Start of Data for the task
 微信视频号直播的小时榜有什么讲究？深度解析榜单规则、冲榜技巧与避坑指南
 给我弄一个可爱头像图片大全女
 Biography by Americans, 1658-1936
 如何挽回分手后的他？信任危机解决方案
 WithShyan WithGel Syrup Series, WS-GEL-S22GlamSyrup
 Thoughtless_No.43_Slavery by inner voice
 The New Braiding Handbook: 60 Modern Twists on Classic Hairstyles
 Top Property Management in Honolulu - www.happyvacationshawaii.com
End of Data for the task
Start of Data for the task
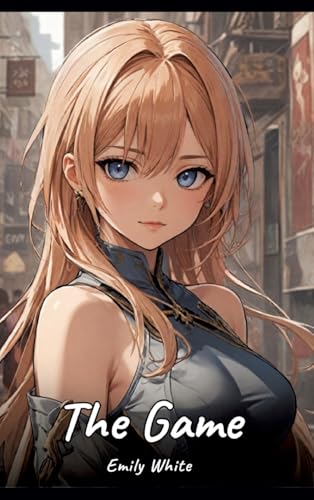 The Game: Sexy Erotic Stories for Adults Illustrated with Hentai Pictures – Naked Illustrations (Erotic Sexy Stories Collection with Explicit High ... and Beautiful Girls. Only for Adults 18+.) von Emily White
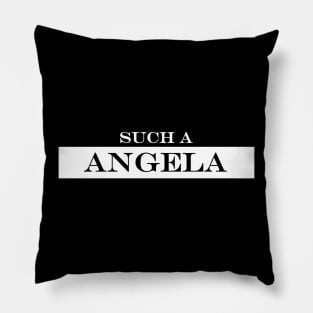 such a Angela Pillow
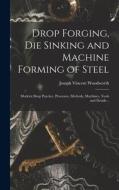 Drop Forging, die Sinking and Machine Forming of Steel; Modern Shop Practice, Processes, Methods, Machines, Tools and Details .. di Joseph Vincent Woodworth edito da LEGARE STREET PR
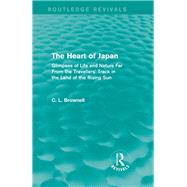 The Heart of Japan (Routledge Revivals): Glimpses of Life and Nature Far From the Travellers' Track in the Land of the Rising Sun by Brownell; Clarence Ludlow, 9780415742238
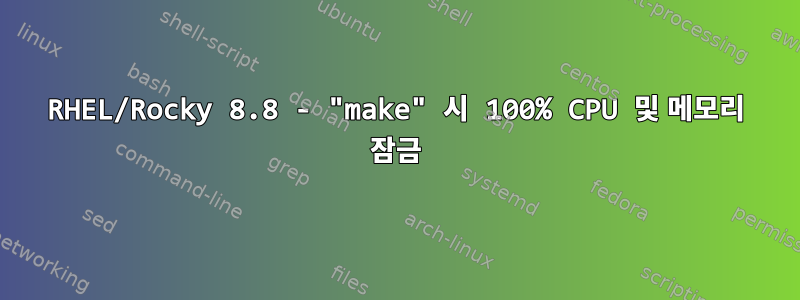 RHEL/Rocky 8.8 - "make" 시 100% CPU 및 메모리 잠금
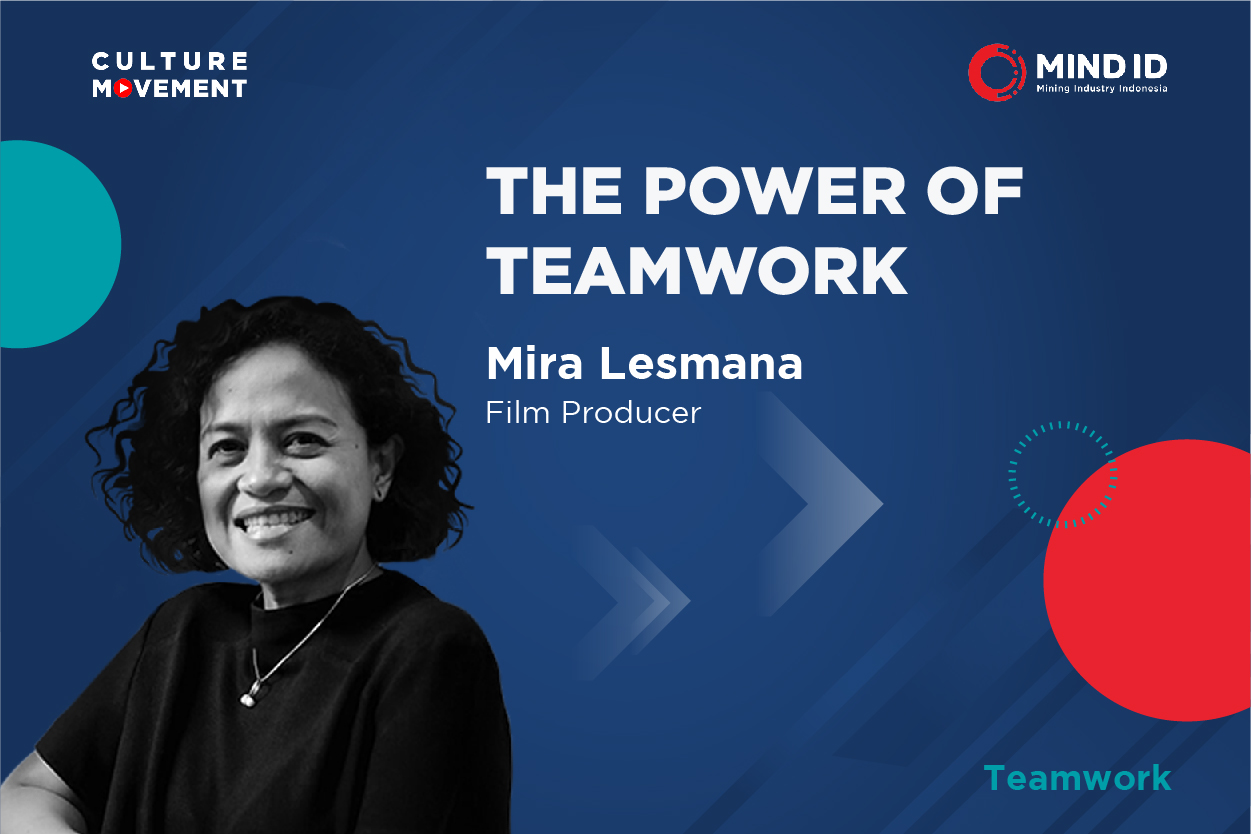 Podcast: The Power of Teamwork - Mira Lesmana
End of Data for the task
Start of Data for the task
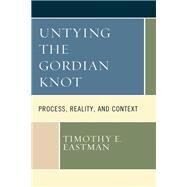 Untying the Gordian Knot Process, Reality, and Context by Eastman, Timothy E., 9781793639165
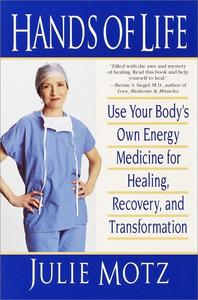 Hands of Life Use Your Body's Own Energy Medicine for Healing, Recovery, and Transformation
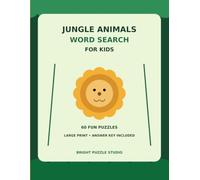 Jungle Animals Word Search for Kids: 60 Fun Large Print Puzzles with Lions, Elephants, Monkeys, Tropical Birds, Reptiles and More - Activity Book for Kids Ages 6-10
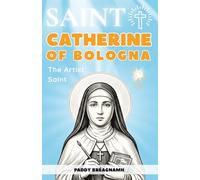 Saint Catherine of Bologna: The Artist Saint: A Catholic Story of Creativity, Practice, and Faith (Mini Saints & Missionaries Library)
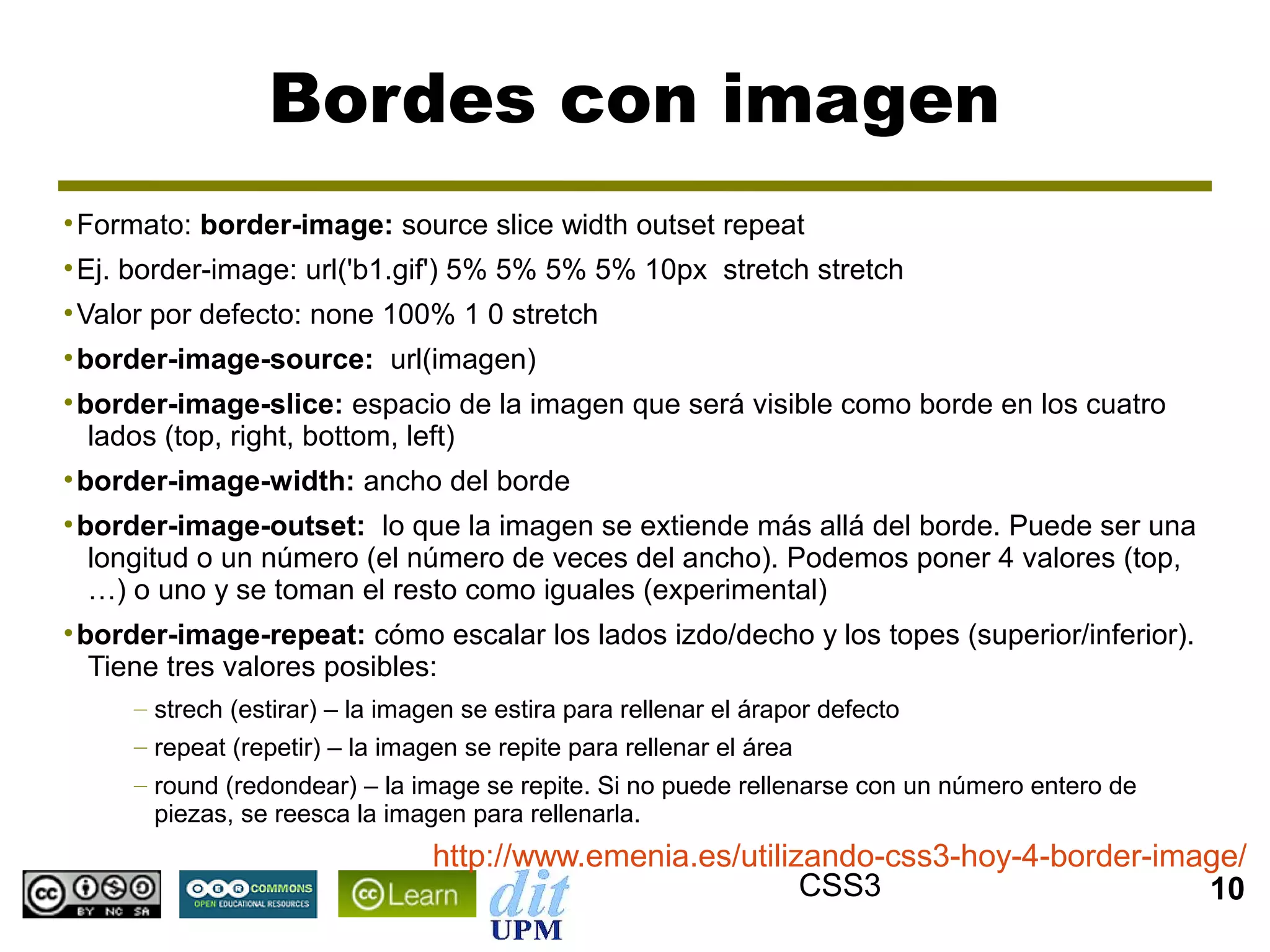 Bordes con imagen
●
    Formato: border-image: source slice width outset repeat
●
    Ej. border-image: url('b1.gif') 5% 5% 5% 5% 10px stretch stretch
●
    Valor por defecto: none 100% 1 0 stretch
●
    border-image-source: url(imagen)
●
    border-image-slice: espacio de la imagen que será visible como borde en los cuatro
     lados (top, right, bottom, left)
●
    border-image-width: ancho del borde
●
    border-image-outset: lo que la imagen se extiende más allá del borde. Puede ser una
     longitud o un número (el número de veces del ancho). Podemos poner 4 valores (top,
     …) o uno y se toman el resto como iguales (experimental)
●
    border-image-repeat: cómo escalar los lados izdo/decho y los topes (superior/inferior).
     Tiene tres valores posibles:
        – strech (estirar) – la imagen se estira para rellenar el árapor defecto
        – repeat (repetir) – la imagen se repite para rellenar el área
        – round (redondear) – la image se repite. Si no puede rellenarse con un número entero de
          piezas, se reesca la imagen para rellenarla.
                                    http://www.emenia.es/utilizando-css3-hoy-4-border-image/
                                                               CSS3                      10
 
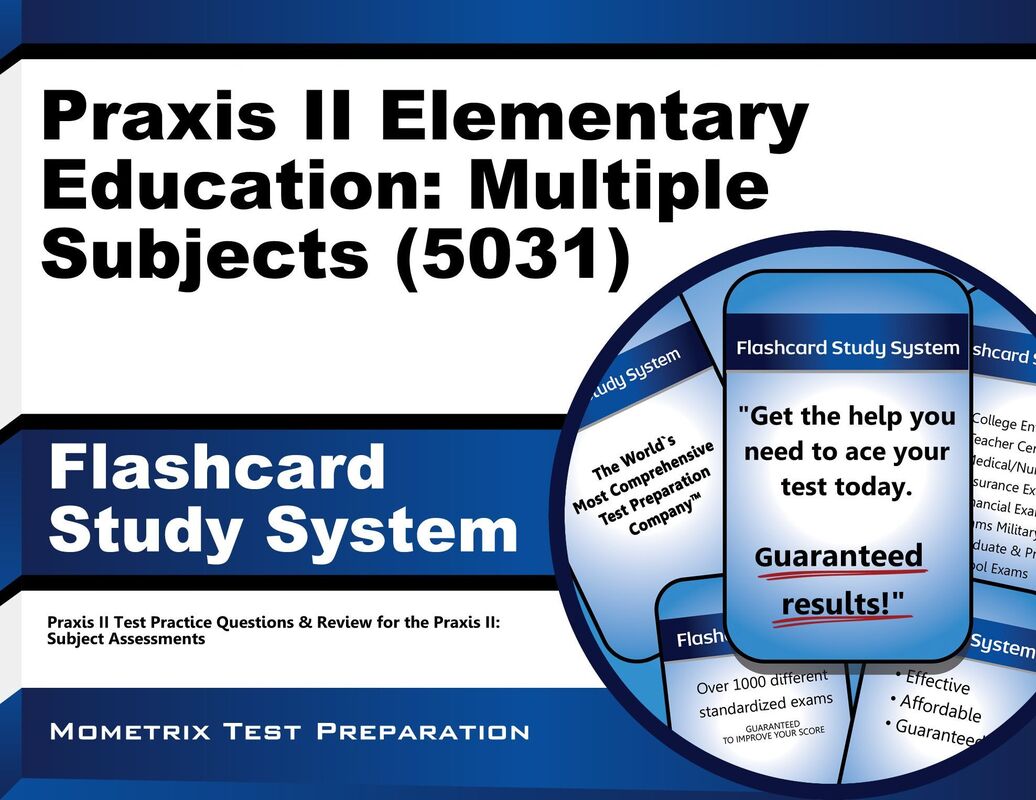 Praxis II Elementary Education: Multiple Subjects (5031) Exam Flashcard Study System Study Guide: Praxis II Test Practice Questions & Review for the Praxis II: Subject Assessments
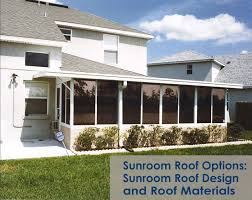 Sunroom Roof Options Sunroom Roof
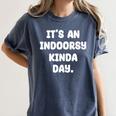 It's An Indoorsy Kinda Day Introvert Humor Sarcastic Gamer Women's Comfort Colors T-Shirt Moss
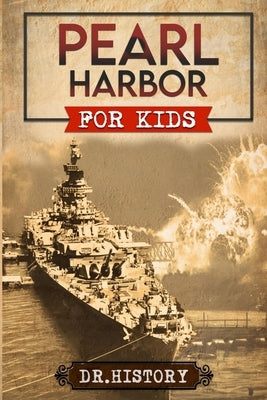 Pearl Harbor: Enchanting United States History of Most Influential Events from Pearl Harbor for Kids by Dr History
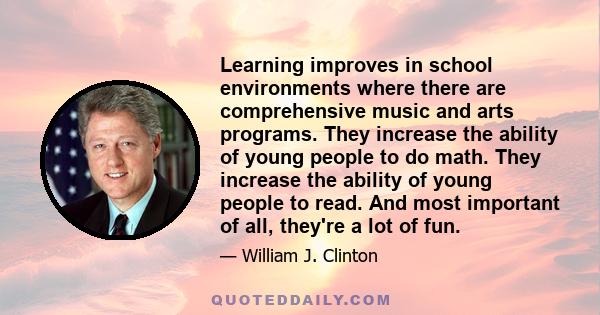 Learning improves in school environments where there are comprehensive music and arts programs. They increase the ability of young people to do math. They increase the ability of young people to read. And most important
End of Data for the task
From the records above, copy out the line with "微信视频号直播的小时榜有什么讲究？深度解析榜单规则、冲榜技巧与避坑指南", the line with "Top Property Management", and every line between them, word for word.

 微信视频号直播的小时榜有什么讲究？深度解析榜单规则、冲榜技巧与避坑指南
 给我弄一个可爱头像图片大全女
 Biography by Americans, 1658-1936
 如何挽回分手后的他？信任危机解决方案
 WithShyan WithGel Syrup Series, WS-GEL-S22GlamSyrup
 Thoughtless_No.43_Slavery by inner voice
 The New Braiding Handbook: 60 Modern Twists on Classic Hairstyles
 Top Property Management in Honolulu - www.happyvacationshawaii.com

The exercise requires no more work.